「枚挙にいとまがない」とは、ビジネスシーンや日常生活において時々耳にする慣用句です。本記事では正しい読み方や由来、類語、例文、英語表現をご紹介します。この機会に覚えておきましょう。
「枚挙にいとまがない」とは
「枚挙にいとまがない」は漢字で書くと「枚挙に暇(遑)がない」となります。ここでは正しい読み方、意味、由来について見ていきます。
「枚挙にいとまがない」の読み方
「枚挙にいとまがない」の読み方は「まいきょにいとまがない」です。
「枚挙にいとまがない」の意味
「枚挙にいとまがない」の意味は「多すぎて数えきれない」となり、「数えられないほど多いさま」を指しています。なぜこのような意味になるのか、由来を知れば理解しやすくなります。
「枚挙にいとまがない」の由来
「枚挙」とは「ひとつひとつ数えあげること」という意味です。一方「いとま」は「一時的な休み、ひま」という意味。漢字で書くと「遑」または「暇」となりますが、読みづらいため平仮名表記にするのが一般的です。
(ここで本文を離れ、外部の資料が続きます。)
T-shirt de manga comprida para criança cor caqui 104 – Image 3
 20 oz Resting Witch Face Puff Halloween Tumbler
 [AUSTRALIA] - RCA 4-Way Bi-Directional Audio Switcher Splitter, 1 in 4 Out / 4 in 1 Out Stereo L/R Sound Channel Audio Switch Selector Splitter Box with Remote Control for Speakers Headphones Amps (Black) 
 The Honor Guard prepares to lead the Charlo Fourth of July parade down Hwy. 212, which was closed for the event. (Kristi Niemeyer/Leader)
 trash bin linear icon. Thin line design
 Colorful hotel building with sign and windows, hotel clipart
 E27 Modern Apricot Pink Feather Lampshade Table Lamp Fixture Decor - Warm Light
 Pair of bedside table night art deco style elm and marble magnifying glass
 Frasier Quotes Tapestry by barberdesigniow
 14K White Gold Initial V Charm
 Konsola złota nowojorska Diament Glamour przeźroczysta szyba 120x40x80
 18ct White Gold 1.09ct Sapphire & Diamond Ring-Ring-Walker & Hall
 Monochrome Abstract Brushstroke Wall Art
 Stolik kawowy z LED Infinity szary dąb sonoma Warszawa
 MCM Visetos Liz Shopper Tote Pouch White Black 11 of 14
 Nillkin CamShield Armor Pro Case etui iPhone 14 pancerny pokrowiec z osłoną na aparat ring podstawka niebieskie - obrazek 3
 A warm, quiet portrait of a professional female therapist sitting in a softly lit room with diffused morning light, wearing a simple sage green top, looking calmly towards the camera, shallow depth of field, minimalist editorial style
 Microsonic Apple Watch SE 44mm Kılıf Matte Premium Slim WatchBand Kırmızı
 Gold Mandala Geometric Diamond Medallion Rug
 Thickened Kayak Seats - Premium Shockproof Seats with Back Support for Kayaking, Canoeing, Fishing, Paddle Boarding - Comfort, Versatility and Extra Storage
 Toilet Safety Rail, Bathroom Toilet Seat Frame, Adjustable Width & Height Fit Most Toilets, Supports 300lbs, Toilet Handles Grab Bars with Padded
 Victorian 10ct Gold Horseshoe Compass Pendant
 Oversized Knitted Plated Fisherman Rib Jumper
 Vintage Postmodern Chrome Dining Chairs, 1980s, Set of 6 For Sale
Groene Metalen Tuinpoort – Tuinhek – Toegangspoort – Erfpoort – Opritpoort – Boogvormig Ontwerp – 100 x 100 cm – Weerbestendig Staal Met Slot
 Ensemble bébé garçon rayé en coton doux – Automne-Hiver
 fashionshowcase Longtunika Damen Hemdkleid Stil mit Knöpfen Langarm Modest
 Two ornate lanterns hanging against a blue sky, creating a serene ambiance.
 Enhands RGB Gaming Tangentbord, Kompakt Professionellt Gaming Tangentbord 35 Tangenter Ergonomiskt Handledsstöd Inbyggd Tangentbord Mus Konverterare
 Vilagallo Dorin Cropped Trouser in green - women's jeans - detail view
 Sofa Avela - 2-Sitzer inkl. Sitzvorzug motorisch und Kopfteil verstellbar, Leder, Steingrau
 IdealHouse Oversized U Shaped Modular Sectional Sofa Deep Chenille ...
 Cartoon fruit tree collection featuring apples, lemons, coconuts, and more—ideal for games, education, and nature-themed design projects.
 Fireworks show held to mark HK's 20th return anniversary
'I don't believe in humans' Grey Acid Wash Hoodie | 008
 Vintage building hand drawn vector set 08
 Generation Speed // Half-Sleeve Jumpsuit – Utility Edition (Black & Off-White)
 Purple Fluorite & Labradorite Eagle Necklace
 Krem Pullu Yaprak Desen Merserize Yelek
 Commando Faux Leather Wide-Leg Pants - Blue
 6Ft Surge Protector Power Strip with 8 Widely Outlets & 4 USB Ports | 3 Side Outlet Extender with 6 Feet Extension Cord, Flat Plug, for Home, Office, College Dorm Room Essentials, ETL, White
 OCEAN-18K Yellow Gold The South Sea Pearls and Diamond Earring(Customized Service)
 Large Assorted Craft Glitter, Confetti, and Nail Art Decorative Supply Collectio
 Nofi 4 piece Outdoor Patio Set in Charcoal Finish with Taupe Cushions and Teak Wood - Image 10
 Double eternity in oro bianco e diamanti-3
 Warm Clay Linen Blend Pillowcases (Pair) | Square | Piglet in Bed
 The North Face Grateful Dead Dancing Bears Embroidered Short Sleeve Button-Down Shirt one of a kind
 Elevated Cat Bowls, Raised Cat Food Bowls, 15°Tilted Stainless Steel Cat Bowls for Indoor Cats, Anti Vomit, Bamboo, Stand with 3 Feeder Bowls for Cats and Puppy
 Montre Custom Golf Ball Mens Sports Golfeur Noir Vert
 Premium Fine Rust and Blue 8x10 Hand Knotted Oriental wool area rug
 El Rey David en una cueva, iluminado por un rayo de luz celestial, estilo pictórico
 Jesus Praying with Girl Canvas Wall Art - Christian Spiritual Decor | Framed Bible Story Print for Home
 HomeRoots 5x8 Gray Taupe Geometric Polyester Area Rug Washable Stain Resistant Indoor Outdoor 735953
つまり「枚挙にいとまがない」とは「ひとつひとつ数えあげるほどのひまがない」という意味。「数えられないほど多いさま」を指しています。
「枚挙にいとまがない」の使い方と例文
「枚挙にいとまがない」は、いい意味にも悪い意味にも用いられます。例文を短く紹介しますので順番に見ていきましょう。
・いい意味での使い方
「この商品のいいところは枚挙にいとまがない」
「枚挙にいとまがないほど、彼の復帰を待ち望む声が寄せられた」
・悪い意味での使い方
「同様の失敗例は枚挙にいとまがない」
「彼が起こしたミスは枚挙にいとまがないほどだ」
「枚挙にいとまがない」の類語
ここからは「枚挙にいとまがない」の類語を紹介していきます。シーンに合わせて使い分けてみましょう。
「数えるときりがない」
「数えるときりがない」は「枚挙にいとまがない」と同じ意味。そのまま置き換えて使います。
・例文
「数えるときりがないくらいの失敗をしてきた」
「君に対する不満は数えるときりがないほどだ」
「腐るほどある」
「腐るほどある」は、「消費し切れず腐らせてしまうくらいたくさんある」という意味の言葉です。たくさんある様子を表す言葉なので、「枚挙にいとまがない」の類語として使えます。
・例文
「取り組まなければならない問題は腐るほどある」
「同じようなゲームは腐るほどあるよ」
ただし、「腐る」という言葉はあまりイメージのいい言葉ではありません。「いらないもの、余分なもの」というマイナスな意味を含むので、ビジネスシーンではあまり使わないほうがよいでしょう。
「星の数ほどある」
「星の数ほどある」も、数がとても多いことを例えてる言葉です。「枚挙にいとまがない」の類語としてぜひ覚えておきましょう。いい意味にも使われますが、皮肉めいた表現としても使われます。
・例文
「彼女の素敵なところは星の数ほどあるよ」
「この程度のレストランなら星の数ほどある」
「ごまんとある」
「ごまんとある」は、「きわめてたくさんあるさま、山ほどあるさま」を指します。平仮名で表記します。
・例文
「彼にはやりたいことがごまんとあったはずだ」
「ごまんといるライバルの中で勝ち抜かなければならない」
「枚挙にいとまがない」の英語表現
「枚挙にいとまがない」の英語表現は「be too numerous to mention」です。「numerous」は「多数の人からなる、非常に多くの」という意味の形容詞で、「mention」は「言及する、挙げる」という意味の動詞です。例文を短く紹介します。
・例
「Similar failures are too numerous to mention.」
(同じような失敗は枚挙にいとまがない)
ほかにも「be too many to count」とも言い換えられます。「count」は「数える」という意味の動詞です。
・例
「There are too many reasons to count.」
(理由は枚挙にいとまがない)
「枚挙にいとまがない」についてマスターしよう
「枚挙にいとまがない」という慣用句について見てきました。「数えきれないほど多いさま」を指し、いい意味にも悪い意味にも使えます。「星の数ほどある」「ごまんとある」などの類語に置き換えられますが、こうした言葉は皮肉めいて使われることもあるので、注意が必要です。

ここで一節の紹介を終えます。